§ What you should do: Transcribe, word for word and without additions, each line below from the one containing "管理、管理者與組織(已修改)" through the one containing "document 2_flyer_page-0001", both ends included.

§ Records from a data collection:
■ ■ ■ ■ ■ ■ ■

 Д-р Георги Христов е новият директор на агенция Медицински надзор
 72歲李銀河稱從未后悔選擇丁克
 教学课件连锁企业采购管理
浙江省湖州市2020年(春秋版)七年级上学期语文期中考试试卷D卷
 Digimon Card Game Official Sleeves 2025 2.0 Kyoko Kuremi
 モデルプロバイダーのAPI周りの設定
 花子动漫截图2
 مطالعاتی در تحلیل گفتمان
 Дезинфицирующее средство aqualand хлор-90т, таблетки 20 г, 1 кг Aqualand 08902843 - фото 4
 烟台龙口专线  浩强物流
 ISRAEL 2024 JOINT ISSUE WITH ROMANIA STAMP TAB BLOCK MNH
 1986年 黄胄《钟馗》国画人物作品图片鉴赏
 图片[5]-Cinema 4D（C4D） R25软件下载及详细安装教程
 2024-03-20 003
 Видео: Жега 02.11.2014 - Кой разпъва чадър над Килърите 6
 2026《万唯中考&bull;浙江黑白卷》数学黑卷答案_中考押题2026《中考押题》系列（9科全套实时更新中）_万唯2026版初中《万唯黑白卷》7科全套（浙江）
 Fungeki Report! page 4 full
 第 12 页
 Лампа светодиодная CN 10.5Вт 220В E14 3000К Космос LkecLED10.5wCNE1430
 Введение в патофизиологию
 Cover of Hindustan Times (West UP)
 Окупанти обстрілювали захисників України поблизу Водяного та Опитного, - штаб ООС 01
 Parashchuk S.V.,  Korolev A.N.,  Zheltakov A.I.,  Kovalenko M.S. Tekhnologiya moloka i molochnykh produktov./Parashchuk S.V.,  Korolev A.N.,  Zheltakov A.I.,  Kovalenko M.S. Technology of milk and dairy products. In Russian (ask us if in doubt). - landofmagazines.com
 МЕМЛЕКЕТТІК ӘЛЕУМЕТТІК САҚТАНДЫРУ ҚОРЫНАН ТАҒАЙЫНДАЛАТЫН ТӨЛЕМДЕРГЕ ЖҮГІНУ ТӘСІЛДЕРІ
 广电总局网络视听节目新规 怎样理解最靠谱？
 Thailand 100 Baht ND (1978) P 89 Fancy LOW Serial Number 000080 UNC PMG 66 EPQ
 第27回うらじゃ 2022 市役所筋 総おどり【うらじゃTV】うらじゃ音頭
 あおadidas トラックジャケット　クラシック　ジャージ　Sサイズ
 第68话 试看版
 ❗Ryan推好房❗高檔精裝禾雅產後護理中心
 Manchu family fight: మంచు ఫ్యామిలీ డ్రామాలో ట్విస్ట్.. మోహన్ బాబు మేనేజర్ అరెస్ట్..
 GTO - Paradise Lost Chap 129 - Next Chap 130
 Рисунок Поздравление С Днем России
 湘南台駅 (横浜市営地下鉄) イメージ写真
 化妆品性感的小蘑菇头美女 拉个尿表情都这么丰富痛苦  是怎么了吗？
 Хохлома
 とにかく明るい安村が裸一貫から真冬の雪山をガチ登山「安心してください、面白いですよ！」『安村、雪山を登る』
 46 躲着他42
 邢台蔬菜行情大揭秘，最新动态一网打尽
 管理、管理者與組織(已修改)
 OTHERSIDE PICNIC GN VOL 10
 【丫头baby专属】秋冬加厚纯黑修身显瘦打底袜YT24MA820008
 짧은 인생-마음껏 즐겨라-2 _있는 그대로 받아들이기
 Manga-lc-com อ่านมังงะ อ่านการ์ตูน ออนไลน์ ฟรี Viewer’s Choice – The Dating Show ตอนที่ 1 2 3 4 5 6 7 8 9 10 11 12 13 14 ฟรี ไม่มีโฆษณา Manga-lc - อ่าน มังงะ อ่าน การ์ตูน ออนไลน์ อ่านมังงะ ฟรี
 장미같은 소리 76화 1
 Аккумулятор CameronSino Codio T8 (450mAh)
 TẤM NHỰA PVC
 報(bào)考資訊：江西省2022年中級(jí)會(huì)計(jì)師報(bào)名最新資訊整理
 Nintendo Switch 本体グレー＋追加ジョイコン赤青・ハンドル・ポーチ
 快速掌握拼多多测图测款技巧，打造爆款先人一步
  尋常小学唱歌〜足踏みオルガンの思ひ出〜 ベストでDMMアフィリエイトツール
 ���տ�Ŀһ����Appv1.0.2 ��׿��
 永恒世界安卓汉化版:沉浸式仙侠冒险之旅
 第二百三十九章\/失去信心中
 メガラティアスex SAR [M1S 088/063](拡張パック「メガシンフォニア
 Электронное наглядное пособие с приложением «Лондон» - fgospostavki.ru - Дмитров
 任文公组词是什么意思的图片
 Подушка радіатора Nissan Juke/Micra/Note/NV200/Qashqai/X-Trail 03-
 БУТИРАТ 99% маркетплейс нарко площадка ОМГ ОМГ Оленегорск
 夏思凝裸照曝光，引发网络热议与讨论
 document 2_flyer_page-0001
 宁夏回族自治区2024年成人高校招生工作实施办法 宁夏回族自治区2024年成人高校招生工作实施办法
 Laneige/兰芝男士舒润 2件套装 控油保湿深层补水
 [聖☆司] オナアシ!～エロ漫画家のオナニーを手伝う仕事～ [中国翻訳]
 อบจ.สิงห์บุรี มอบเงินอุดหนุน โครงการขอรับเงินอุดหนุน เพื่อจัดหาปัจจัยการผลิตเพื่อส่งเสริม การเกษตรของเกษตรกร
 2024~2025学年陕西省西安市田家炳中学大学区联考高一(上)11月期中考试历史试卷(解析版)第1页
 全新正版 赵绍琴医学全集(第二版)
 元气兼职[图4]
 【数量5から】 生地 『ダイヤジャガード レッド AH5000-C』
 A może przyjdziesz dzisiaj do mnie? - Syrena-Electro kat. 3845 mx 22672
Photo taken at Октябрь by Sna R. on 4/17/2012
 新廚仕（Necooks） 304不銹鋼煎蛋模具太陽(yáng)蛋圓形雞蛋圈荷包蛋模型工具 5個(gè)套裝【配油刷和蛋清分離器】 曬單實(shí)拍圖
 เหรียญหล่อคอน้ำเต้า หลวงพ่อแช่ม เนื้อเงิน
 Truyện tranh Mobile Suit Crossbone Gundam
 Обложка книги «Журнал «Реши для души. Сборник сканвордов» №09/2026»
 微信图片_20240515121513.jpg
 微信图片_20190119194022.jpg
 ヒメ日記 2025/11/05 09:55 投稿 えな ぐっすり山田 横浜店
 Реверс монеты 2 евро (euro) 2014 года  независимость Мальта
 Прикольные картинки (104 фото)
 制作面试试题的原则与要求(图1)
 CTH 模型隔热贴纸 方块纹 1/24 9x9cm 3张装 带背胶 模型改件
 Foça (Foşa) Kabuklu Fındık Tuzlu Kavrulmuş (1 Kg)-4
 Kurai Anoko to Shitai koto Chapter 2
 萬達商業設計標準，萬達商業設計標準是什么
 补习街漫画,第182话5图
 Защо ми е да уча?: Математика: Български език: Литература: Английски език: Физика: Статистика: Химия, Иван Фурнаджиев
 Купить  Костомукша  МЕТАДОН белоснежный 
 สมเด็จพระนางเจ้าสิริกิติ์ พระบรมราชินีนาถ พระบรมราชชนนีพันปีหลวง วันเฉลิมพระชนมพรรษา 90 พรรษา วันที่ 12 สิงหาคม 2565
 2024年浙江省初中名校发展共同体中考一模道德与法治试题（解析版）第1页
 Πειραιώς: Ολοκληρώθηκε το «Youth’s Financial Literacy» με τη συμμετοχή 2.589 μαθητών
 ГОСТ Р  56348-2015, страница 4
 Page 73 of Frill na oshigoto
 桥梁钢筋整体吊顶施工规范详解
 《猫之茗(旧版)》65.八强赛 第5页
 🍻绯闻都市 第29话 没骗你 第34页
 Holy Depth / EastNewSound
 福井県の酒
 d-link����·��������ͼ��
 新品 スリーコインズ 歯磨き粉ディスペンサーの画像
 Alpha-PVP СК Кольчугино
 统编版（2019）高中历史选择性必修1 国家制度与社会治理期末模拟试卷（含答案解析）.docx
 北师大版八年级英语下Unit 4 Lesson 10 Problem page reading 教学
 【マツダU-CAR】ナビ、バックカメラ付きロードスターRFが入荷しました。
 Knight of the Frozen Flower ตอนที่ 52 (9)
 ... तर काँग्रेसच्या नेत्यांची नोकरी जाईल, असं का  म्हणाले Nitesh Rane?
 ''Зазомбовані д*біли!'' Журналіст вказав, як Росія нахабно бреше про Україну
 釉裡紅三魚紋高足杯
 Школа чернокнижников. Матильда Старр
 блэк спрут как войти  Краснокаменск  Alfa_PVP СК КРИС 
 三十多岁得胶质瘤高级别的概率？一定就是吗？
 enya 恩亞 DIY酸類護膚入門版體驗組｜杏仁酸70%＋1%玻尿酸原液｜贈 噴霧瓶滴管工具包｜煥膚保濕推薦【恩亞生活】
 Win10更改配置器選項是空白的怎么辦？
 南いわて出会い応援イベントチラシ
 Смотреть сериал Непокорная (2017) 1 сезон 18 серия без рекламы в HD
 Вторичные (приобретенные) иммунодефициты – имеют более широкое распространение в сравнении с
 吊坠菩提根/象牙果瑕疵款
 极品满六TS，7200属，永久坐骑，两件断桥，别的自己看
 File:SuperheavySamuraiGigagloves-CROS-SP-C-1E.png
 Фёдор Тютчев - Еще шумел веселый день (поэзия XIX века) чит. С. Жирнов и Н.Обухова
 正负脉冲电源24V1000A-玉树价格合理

■ ■ ■ ■ ■ ■ ■

§ Response to this exercise:
 管理、管理者與組織(已修改)
 OTHERSIDE PICNIC GN VOL 10
 【丫头baby专属】秋冬加厚纯黑修身显瘦打底袜YT24MA820008
 짧은 인생-마음껏 즐겨라-2 _있는 그대로 받아들이기
 Manga-lc-com อ่านมังงะ อ่านการ์ตูน ออนไลน์ ฟรี Viewer’s Choice – The Dating Show ตอนที่ 1 2 3 4 5 6 7 8 9 10 11 12 13 14 ฟรี ไม่มีโฆษณา Manga-lc - อ่าน มังงะ อ่าน การ์ตูน ออนไลน์ อ่านมังงะ ฟรี
 장미같은 소리 76화 1
 Аккумулятор CameronSino Codio T8 (450mAh)
 TẤM NHỰA PVC
 報(bào)考資訊：江西省2022年中級(jí)會(huì)計(jì)師報(bào)名最新資訊整理
 Nintendo Switch 本体グレー＋追加ジョイコン赤青・ハンドル・ポーチ
 快速掌握拼多多测图测款技巧，打造爆款先人一步
  尋常小学唱歌〜足踏みオルガンの思ひ出〜 ベストでDMMアフィリエイトツール
 ���տ�Ŀһ����Appv1.0.2 ��׿��
 永恒世界安卓汉化版:沉浸式仙侠冒险之旅
 第二百三十九章\/失去信心中
 メガラティアスex SAR [M1S 088/063](拡張パック「メガシンフォニア
 Электронное наглядное пособие с приложением «Лондон» - fgospostavki.ru - Дмитров
 任文公组词是什么意思的图片
 Подушка радіатора Nissan Juke/Micra/Note/NV200/Qashqai/X-Trail 03-
 БУТИРАТ 99% маркетплейс нарко площадка ОМГ ОМГ Оленегорск
 夏思凝裸照曝光，引发网络热议与讨论
 document 2_flyer_page-0001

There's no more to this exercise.